INPUT DATA:

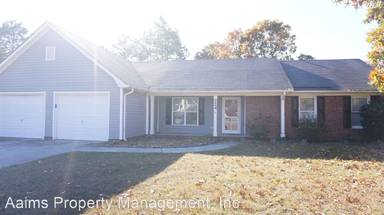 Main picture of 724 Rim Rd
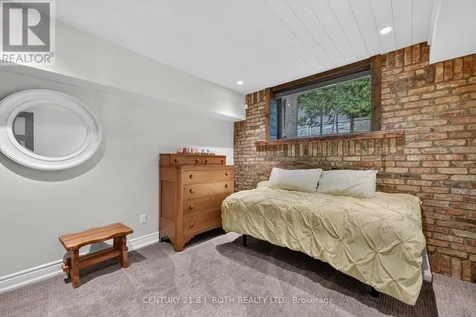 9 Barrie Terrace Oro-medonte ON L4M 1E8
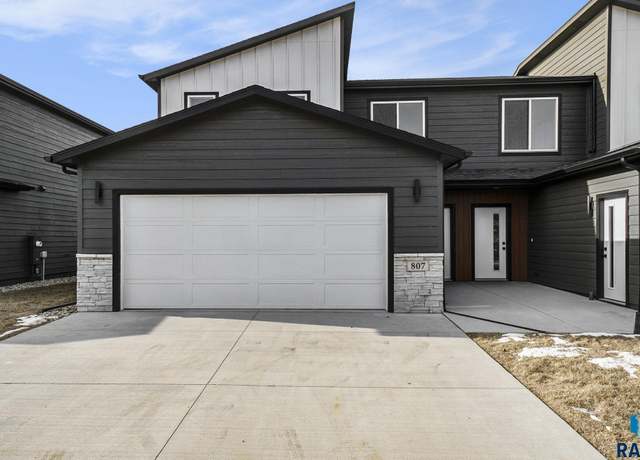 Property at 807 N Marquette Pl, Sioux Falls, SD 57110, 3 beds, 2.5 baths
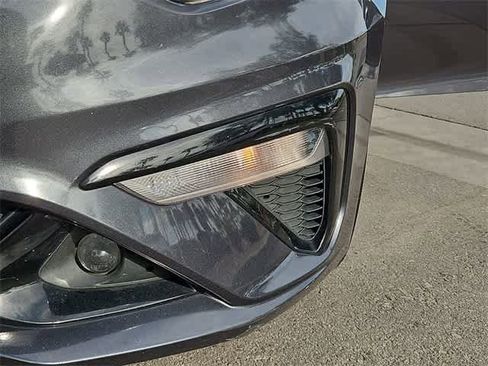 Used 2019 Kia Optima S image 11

WORK TO BE COMPLETED: Leaving the pictures out, output the material exactly as it appears.

EXERCISE OUTPUT:
 Main picture of 724 Rim Rd
 9 Barrie Terrace Oro-medonte ON L4M 1E8
 Property at 807 N Marquette Pl, Sioux Falls, SD 57110, 3 beds, 2.5 baths
 Used 2019 Kia Optima S image 11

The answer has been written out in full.